EXERCISE PROMPT -
A word-for-word copy of the data, pictures excluded, is what this task asks for.

── DATASET EXTRACT

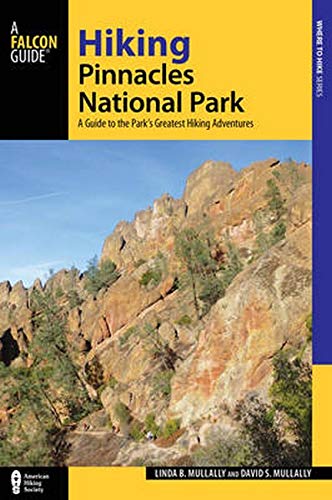 Hiking Pinnacles National Park: A Guide to the Park's Greatest Hiking Adventures [Paperback]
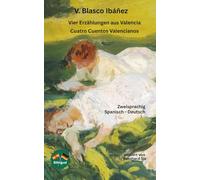 V. Blasco Ibáñez - Vier Erzählungen aus Valencia - Cuatro Cuentos Valencianos: Zweisprachig Spanisch -Deutsch
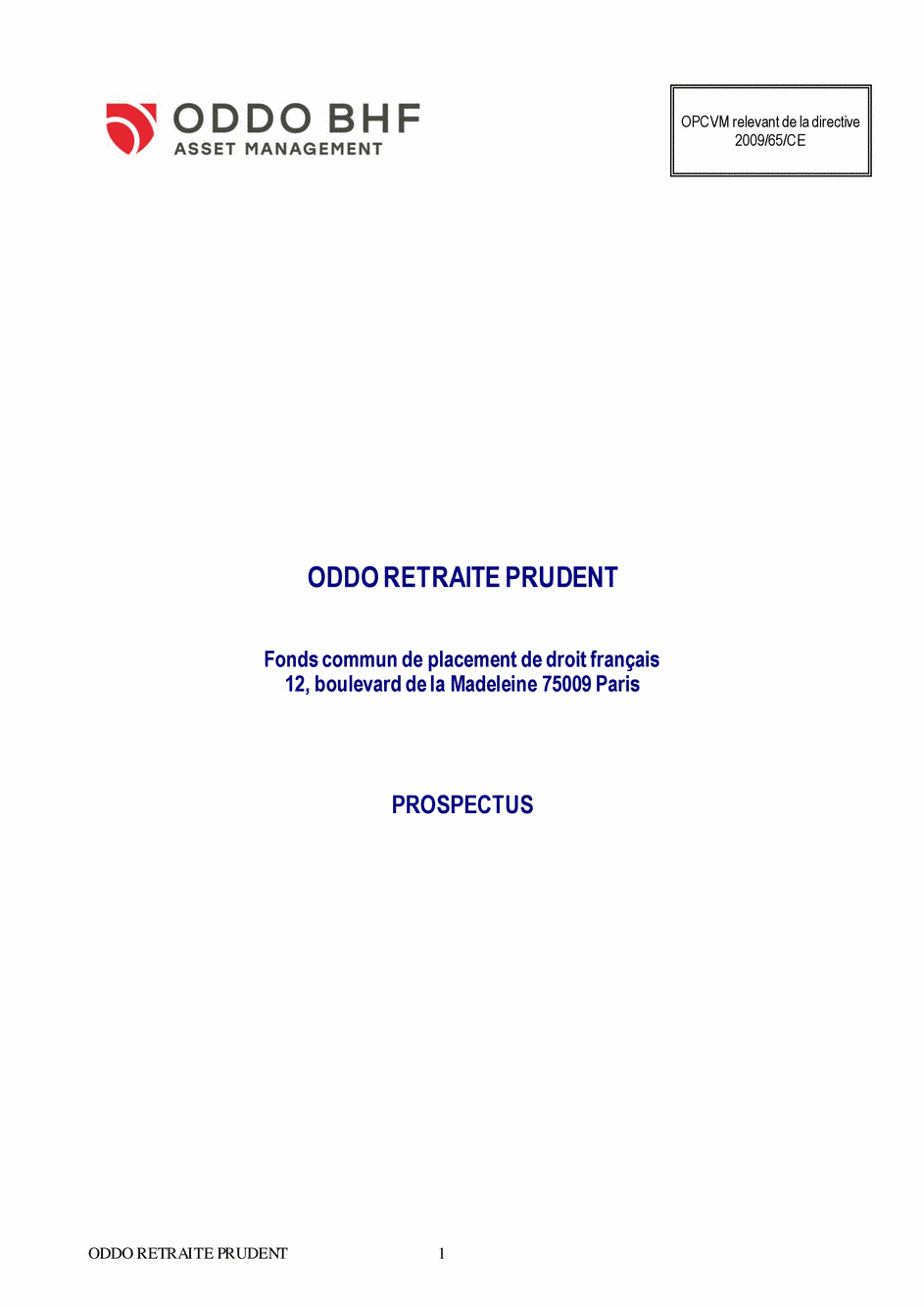 Prospectus ODDO RETRAITE PRUDENT Part B - 14/02/2020 - Français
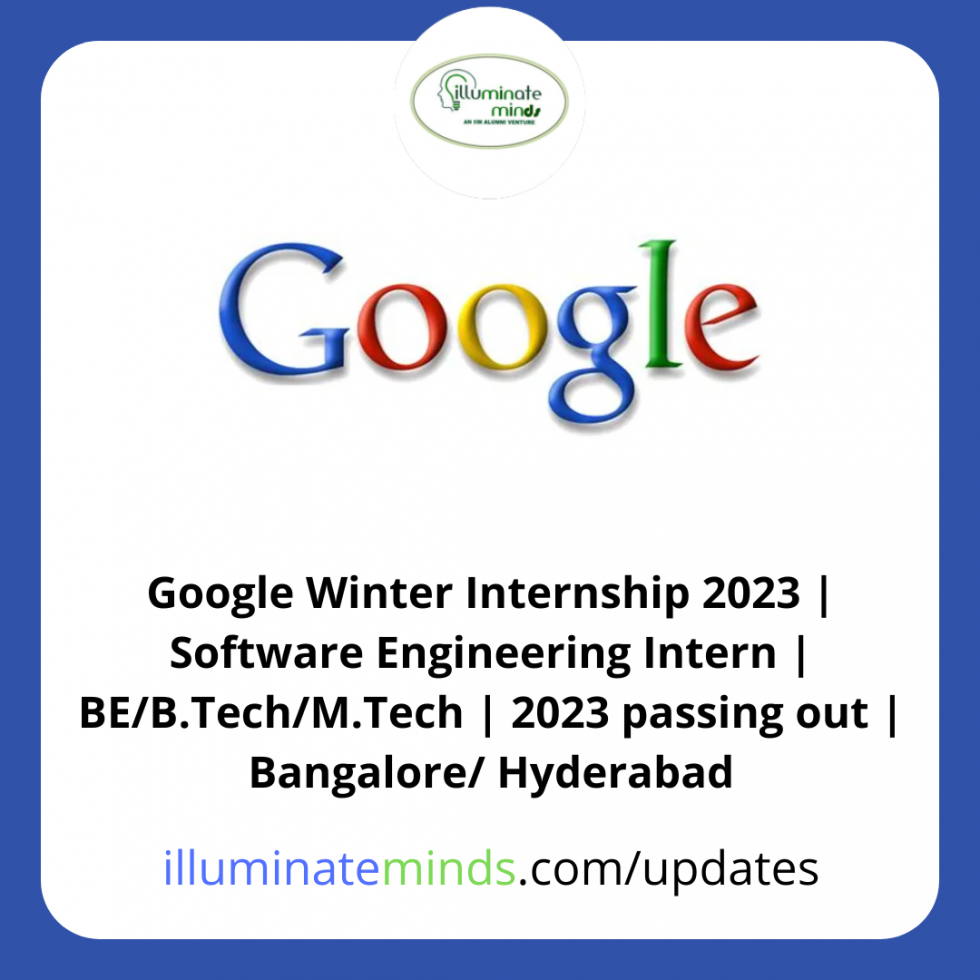 Google Winter Internship 2023 Software Engineering Intern BE/B.Tech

────

COMPLETED TASK -
 Hiking Pinnacles National Park: A Guide to the Park's Greatest Hiking Adventures [Paperback]
 V. Blasco Ibáñez - Vier Erzählungen aus Valencia - Cuatro Cuentos Valencianos: Zweisprachig Spanisch -Deutsch
 Prospectus ODDO RETRAITE PRUDENT Part B - 14/02/2020 - Français
 Google Winter Internship 2023 Software Engineering Intern BE/B.Tech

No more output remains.